The deal includes 229 services stations and 95 truck stops nationwide, finance and management of up to 650m litres of fuel inventory, and 17.1 per cent of the New Zealand Refining Company - which operates the Marsden Point oil refinery.
Shell's new owners say that dividends from the business will now mainly flow to New Zealand shareholders - and the public, via the investment by the Super Fund. It says there will also be more local jobs and staff training throughh the "on-shoring" of many roles now being performed overseas.
The deal "would bring strong cashflow with long-term business improvement initiatives and reinvestment potential to New Zealand", Infratil said this morning.
It is buying what the industry describes as Shell's 'downstream' activities - retail stations, fuel transport, storage and distribution. It does not involve any exploration or drilling for oil and gas.
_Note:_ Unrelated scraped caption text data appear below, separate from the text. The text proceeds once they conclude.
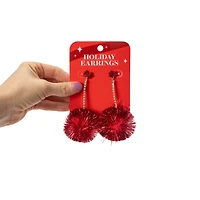 Christmas Holiday Pom-Pom Earrings
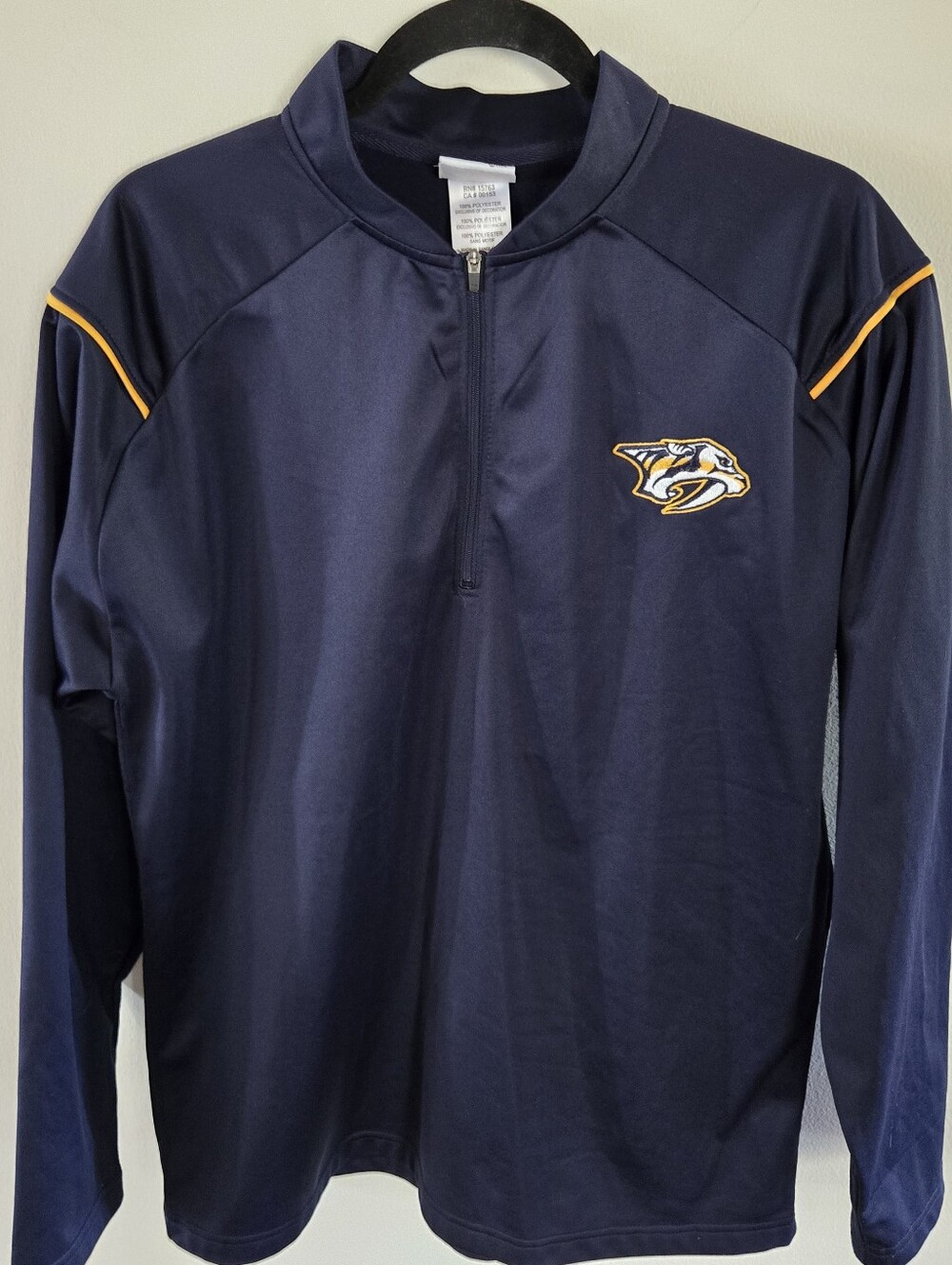 Nashville Predators NHL 1/4 zip Pullover Mens Large Logoed Navy With Gold Trim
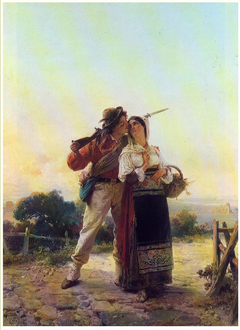 The recruit and the young woman from ciociaria by Gerolamo Induno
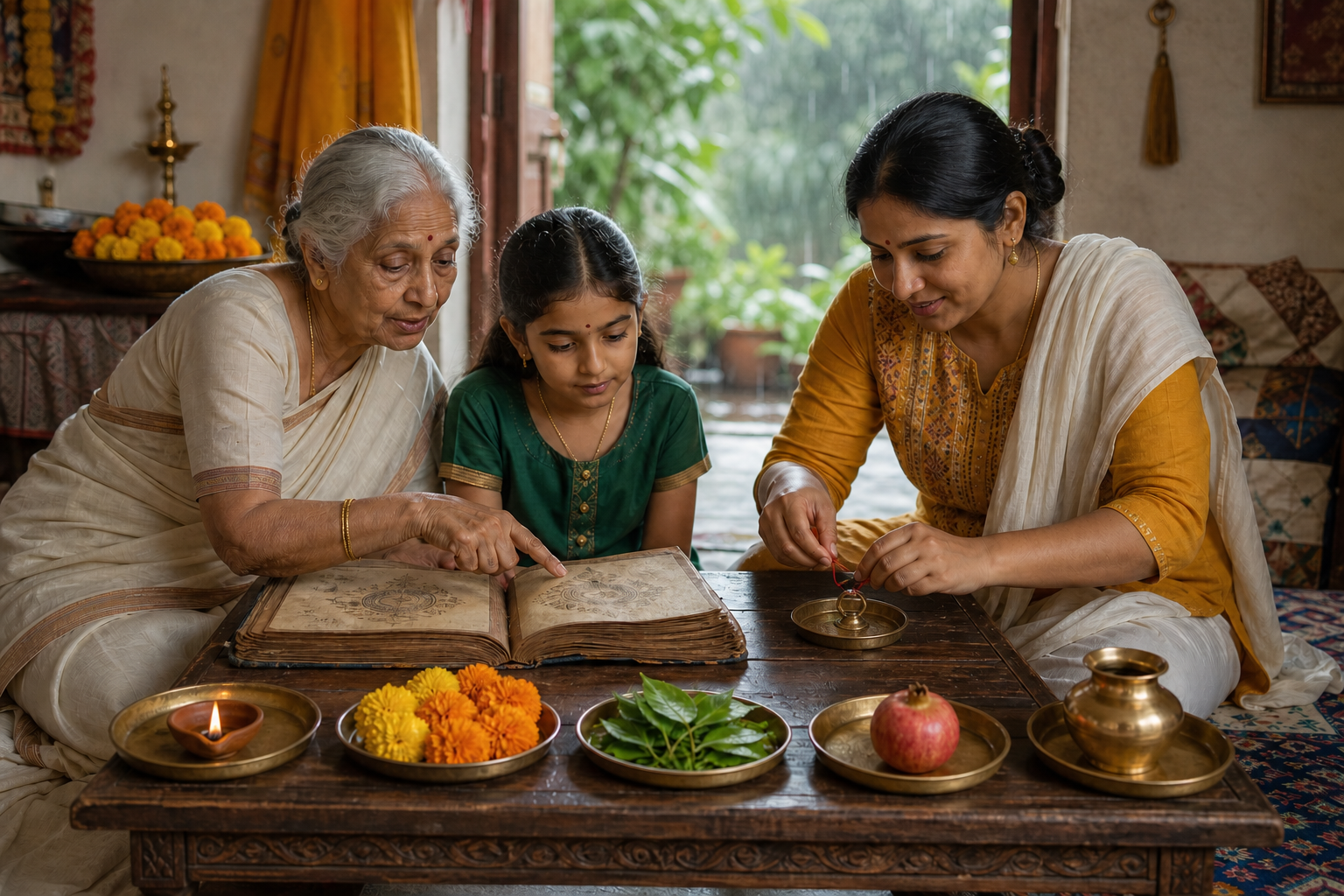 Three generations organize five trays of ritual reminders while consulting an open panchang at a low table in a softly lit Indian home.
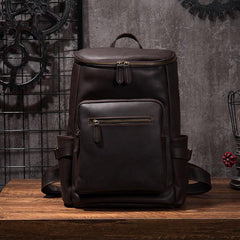 Cool Coffee Mens Leather Hiking Backpack Travel Backpack Leather Backpack for Men - imessengerbags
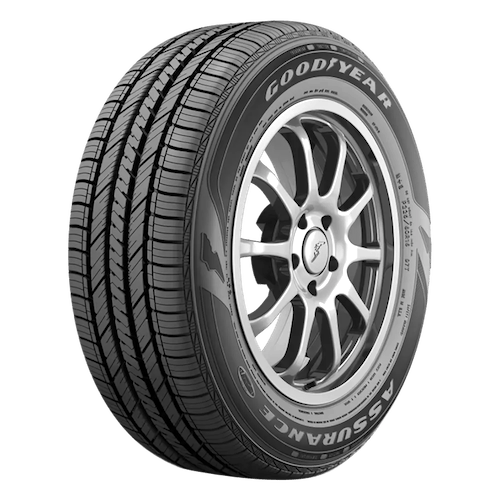 A Goodyear Assurance TripleTred All-Season tire showing its detailed tread pattern and sidewall design.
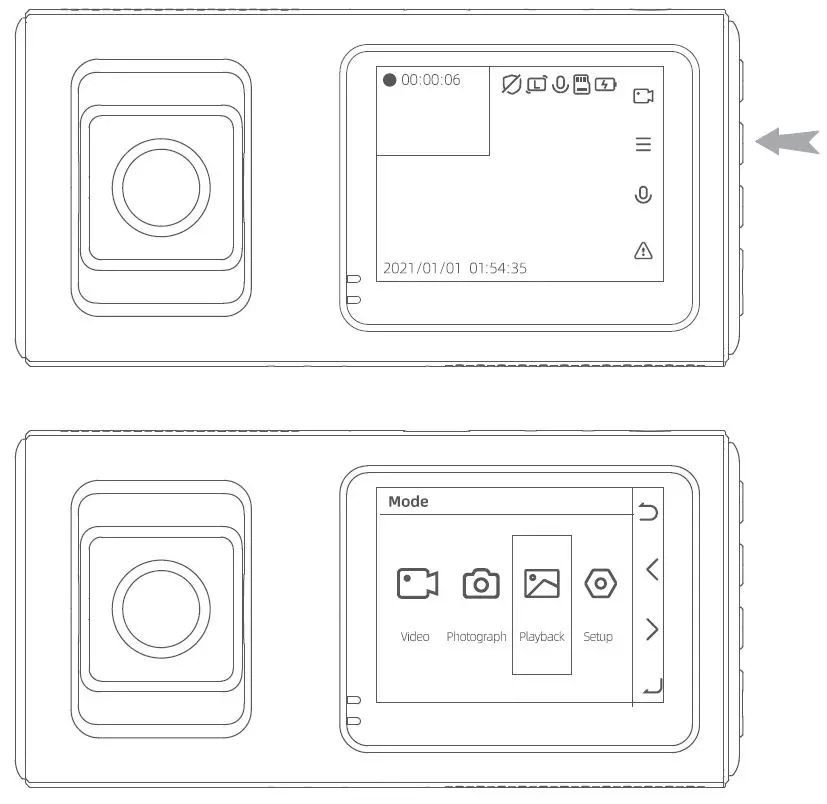 iZEEKER GD300 Dash Camera User Manual - Playback on camera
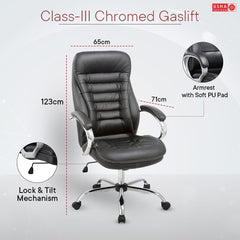 USHA SHRIRAM Black Ergonomically Designed Back Executive Office Chair | Lift Lock Tilt Mechanism | Class III Gas Lift | Conference Room Chair | Office Chair for Home | Leathereate Chair with Arm Rest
In its presentation published today, Infratil says that in the short term, change will not be obvious to Shell's retail customers.
Procurement was being undertaken by Shell on behalf of the new owners, its fuel technology would continue to be available.
"Shell has agreed to allow medium term use of the Shell brand for retail sales," says the presentation. Marketing initiatives and "competitive retail pricing of fuels" would remain.
Infratil, has previously said there was "substantial upside value in being an overtly New Zealand-owned dominant petrol company as the local oil industry restructures".
Included in moves to Kiwi-fy the Shell assets, its Manila-based customer call centre would return to New Zealand.
The businesses being bought had been built up by Shell over almost a century and its decision to sell due to changes in the global oil market had presented a "once in a generation" opportunity, Infratil managing director Marko Bogoievski said.
"The goal from here is to continue to provide high-quality fuels at competitive prices and to leverage the benefits of a New Zealand-owned and managed downstream business."
During the past year Infratil had divested about $400m of assets, and with this transaction would have invested over $400m in new assets.
The transactions left Infratil with a more focused portfolio of investments, said Bogoievski.
The stake includes 17.1 per cent of New Zealand Refining Co, which Bogoievski has said was being acquired "during a period of bottom of cycle margins."
The key to the Infratil strategy will be maintaining a "well located nationwide network of retail sites and truck stops" under the Shell retail brand name, backed by the FlyBuys and supermarket docket loyalty schemes.
With investment in known money-spinners like car washes and "quick service restaurants", with decisions "based on local context" and undertaken by senior managers no longer hampered by "multiple reporting lines offshore".
"Innovative new offers for business customers unconstrained by Shell global policy" would also be possible.
With Infratil founder Lloyd Morrison already a champion of a new flag for New Zealand, Infratil says it sees "growing consumer preference for local companies, e.g., Kiwibank".
On top of that, "Mobil's announced intent to exit both infrastructure and customer-facing activities", along with evidence that "BP and Caltex have limited willingness to step out their investments in New Zealand".
These were signals of "the beginning of an industry restructure".